From Casetext: Smarter Legal Research

Wachovia Bank v. Metro Automation, Inc.

United States District Court, N.D. Texas, Dallas Division
Jul 16, 2010
CIVIL ACTION NO. 3:08-CV-2257-M (N.D. Tex. Jul. 16, 2010)

Opinion

CIVIL ACTION NO. 3:08-CV-2257-M.

July 16, 2010


MEMORANDUM OPINION AND ORDER


Before the Court is Plaintiff's Motion for Partial Summary Judgment [Docket Entry #26]. For the reasons explained below, the Motion is GRANTED.

Due to Wachovia's dismissal of its conversion claim [Docket Entry #46], this summary judgment motion is actually dispositive of all of Wachovia's claims.

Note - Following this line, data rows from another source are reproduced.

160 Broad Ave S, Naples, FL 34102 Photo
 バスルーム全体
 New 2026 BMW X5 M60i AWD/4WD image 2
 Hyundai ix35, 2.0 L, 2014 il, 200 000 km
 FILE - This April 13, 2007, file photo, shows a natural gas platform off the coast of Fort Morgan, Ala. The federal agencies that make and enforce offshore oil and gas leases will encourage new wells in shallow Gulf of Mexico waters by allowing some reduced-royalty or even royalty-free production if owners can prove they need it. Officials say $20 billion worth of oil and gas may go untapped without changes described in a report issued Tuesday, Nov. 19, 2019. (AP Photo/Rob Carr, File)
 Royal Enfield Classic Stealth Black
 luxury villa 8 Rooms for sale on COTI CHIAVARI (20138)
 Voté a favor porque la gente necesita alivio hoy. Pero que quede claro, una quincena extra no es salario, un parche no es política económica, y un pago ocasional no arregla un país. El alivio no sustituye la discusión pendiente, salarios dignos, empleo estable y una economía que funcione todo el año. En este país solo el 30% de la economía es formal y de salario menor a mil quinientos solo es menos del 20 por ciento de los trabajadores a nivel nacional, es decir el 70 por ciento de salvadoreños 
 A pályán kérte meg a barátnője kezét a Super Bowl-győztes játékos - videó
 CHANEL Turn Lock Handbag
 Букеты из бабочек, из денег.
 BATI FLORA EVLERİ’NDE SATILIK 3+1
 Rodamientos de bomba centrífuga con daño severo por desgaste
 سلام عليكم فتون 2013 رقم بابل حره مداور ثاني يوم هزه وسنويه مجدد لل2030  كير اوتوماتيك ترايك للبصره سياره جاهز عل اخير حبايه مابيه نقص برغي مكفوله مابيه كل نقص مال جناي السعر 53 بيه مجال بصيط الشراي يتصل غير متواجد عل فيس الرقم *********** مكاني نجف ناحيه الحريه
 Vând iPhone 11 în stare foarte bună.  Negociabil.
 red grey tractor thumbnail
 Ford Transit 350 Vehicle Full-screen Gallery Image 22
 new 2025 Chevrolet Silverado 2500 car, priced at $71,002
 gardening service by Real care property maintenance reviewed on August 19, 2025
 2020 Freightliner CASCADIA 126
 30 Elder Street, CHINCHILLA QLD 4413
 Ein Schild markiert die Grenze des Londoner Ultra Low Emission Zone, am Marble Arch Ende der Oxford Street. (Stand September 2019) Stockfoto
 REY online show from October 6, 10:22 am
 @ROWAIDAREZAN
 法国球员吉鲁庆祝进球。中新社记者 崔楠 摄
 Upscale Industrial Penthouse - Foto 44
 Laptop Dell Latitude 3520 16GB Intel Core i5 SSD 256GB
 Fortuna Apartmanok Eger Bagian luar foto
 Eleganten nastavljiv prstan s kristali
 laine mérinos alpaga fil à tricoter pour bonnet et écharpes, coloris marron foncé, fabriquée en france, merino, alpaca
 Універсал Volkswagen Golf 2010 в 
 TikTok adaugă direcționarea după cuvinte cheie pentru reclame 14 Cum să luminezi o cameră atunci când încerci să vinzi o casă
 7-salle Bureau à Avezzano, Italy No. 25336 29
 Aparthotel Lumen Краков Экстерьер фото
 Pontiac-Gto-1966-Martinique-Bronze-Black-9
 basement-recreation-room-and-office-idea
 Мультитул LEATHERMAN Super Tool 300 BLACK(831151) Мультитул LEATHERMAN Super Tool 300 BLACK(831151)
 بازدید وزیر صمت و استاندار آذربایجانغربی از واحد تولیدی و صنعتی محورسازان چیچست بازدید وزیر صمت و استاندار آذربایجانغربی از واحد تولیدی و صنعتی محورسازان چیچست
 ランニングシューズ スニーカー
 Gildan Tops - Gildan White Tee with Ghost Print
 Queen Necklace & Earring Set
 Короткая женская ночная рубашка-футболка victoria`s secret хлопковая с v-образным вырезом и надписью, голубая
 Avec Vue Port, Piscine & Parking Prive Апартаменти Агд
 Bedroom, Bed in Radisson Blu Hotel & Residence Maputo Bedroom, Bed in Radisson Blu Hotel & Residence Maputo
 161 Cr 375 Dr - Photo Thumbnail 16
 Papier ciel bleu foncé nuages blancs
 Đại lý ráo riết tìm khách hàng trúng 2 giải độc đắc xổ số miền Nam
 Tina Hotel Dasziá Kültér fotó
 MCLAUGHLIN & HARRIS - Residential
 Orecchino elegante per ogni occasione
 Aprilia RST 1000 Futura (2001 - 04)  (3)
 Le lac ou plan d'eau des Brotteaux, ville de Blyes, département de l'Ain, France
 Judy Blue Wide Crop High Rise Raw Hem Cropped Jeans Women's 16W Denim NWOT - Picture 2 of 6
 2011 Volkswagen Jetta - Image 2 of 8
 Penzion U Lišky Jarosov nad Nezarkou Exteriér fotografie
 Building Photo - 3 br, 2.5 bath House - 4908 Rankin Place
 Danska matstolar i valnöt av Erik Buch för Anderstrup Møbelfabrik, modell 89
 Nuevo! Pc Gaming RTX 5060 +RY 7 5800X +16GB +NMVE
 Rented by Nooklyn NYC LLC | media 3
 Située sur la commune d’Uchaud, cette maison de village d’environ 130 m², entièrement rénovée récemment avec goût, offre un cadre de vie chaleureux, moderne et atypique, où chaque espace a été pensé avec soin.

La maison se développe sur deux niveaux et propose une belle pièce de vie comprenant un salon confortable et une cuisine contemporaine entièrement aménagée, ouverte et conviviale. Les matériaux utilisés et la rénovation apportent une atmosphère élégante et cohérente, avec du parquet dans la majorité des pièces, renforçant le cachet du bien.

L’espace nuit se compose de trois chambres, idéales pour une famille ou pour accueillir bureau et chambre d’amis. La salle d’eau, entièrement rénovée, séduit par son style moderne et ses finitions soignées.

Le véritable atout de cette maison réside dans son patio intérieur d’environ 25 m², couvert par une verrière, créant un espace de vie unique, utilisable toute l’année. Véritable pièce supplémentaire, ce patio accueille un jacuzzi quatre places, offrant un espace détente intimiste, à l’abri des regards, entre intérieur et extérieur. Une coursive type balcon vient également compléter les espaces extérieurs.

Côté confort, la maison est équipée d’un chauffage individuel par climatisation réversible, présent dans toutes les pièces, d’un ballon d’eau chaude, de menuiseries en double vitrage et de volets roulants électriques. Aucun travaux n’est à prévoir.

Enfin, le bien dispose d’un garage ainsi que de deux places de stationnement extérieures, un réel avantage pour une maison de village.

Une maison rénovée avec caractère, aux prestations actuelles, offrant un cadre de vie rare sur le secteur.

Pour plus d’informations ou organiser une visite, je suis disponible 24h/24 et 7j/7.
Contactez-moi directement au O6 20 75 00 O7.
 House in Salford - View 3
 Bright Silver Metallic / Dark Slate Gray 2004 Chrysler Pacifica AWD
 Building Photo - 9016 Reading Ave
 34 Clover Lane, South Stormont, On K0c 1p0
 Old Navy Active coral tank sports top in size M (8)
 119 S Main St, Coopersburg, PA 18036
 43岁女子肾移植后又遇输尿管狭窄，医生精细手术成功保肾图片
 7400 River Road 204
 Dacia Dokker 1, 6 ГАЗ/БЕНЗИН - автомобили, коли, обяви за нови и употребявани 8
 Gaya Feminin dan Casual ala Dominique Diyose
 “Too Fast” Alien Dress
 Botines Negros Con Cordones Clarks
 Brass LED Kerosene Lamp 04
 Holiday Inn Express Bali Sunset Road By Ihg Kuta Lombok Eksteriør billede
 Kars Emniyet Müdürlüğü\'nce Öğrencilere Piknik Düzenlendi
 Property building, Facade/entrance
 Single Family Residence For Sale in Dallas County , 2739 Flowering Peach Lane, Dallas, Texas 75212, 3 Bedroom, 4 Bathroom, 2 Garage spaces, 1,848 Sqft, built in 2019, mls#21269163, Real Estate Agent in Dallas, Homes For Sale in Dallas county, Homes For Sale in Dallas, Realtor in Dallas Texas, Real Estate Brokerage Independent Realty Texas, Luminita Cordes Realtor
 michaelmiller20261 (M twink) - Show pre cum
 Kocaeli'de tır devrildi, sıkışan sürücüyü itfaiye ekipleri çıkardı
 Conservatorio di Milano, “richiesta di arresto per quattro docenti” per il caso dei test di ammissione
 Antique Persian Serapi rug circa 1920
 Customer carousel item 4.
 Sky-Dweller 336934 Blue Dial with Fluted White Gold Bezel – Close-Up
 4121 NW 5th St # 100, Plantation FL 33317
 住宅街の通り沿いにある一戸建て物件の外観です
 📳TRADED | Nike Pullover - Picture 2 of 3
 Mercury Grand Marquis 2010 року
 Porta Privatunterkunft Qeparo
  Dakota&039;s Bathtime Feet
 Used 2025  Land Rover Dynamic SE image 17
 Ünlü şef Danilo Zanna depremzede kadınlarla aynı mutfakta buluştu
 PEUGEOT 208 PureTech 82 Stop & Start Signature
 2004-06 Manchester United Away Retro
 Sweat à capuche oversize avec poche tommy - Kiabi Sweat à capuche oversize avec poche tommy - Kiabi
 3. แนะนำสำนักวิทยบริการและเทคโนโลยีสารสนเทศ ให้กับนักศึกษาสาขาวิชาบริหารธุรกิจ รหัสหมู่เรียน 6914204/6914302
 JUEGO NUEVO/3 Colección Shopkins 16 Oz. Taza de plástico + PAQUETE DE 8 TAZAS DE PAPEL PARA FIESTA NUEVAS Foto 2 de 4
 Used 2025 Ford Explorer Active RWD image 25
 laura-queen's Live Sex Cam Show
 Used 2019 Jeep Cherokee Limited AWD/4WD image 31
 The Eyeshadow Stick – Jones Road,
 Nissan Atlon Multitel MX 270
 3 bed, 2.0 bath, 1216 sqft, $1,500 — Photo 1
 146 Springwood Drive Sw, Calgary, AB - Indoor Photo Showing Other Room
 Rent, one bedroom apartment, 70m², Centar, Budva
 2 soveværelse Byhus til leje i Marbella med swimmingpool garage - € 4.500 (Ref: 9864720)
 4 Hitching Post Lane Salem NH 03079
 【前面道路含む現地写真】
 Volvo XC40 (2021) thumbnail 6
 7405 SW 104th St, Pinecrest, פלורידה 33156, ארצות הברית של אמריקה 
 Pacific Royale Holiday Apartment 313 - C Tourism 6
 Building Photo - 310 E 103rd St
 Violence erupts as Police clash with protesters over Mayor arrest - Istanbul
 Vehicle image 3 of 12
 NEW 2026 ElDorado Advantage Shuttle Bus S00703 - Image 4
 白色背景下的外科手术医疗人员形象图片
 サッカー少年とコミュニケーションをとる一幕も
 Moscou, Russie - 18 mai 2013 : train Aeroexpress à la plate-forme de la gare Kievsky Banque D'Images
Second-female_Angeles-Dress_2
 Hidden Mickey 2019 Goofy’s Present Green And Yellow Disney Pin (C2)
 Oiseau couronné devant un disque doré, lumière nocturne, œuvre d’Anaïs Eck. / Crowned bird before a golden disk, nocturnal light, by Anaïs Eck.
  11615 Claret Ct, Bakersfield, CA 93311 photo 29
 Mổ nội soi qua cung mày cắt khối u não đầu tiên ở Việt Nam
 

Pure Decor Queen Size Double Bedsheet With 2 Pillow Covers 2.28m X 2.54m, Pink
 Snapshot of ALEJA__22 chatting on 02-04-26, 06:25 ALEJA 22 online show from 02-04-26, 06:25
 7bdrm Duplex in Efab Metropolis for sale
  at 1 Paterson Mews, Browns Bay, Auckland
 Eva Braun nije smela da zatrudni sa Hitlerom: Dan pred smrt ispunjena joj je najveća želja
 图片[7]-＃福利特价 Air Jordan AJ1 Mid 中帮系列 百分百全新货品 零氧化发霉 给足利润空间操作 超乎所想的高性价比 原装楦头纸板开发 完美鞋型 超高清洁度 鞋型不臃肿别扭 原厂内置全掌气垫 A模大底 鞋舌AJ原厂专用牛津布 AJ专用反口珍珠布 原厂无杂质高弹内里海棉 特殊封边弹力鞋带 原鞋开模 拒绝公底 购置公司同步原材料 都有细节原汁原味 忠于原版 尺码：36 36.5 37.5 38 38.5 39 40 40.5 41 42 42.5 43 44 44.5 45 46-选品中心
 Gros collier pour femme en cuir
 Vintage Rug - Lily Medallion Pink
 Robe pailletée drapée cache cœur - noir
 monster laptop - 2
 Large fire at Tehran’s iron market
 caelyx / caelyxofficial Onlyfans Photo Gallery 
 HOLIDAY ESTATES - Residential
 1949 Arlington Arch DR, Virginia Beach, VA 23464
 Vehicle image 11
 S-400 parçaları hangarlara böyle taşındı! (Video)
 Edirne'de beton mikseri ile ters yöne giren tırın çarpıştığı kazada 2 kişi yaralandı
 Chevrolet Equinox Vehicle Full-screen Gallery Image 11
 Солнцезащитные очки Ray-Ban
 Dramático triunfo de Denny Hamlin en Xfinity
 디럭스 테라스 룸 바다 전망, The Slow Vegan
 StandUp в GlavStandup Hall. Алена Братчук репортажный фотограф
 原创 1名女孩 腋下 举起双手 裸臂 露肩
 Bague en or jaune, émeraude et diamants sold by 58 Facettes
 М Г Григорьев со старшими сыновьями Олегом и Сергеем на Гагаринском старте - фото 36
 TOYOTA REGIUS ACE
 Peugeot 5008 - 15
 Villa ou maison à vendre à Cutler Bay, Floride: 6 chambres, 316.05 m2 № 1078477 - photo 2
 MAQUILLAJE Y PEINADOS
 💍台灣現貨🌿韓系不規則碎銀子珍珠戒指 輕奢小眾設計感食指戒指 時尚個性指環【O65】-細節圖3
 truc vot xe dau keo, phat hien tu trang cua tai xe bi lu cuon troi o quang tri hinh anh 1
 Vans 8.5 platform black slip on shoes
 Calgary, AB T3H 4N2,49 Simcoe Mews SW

I. BACKGROUND AND PROCEDURAL HISTORY

This case arises out of cross-defaults on two secured lines of credit. On August 25, 2004, Plaintiff Wachovia Bank, National Association ("Wachovia"), extended a fixed-sum loan of $750,000 (the "Term Loan") to Defendant Metro Automation, Inc. ("Metro"), a manufacturer of specialized production equipment. In return, Metro executed a promissory note (the "Term Note") for $750,000 in favor of Wachovia. Pursuant to a separate security agreement, Wachovia also obtained a security interest in all personal property owned by Metro, specifically its equipment and inventory (the "Collateral"), as well as a personal guaranty on the payment of all liabilities and obligations of Metro to Wachovia from Defendant John Crossno, Metro's owner.

The Term Note contained a cross default clause stating that a default under any loan from Wachovia to Metro entitled Wachovia to declare default on the Term Note, and thereby accelerate the entire outstanding balance. The Term Note also entitled Wachovia to recover its reasonable attorneys' fees and court costs in the event that Wachovia retained counsel to collect the Term Note.

See id., Ex. 11 at 1.

See id. at 2.

On June 11, 2007, Wachovia extended a second, revolving line of credit (the "Line Loan") to Metro, John Crossno and Dawn Crossno (the "Line Borrowers"). The Line Borrowers executed a promissory note in favor of Wachovia in the amount of $1.5 million (the "Line Note"). As security for the Line Loan, Metro executed four agreements granting Wachovia a security interest in the same Collateral that secured Wachovia's Term Note, as well as a security interest in certain other equipment. In 2006, John Crossno also executed a personal guaranty on the Line Note (together with his guaranty on the Term Note, the "Crossno Guaranties"), which once again guaranteed the payment of all liabilities and obligations of Metro to Wachovia.

See id., Ex. 1.

See id., Ex. 2.

See id., Exs. 3, 5, 7, 9. Wachovia perfected its security agreements on both Loans through UCC-1 filing statements. See id., Exs. 4, 6.

See id., Ex. 8.

The Line Note matured on July 31, 2008, at which time the Line Borrowers failed to pay all amounts due and owing under the Line Note. This constituted an event of default. Because the two Notes were cross defaulted, this also constituted an event of default under the Term Note.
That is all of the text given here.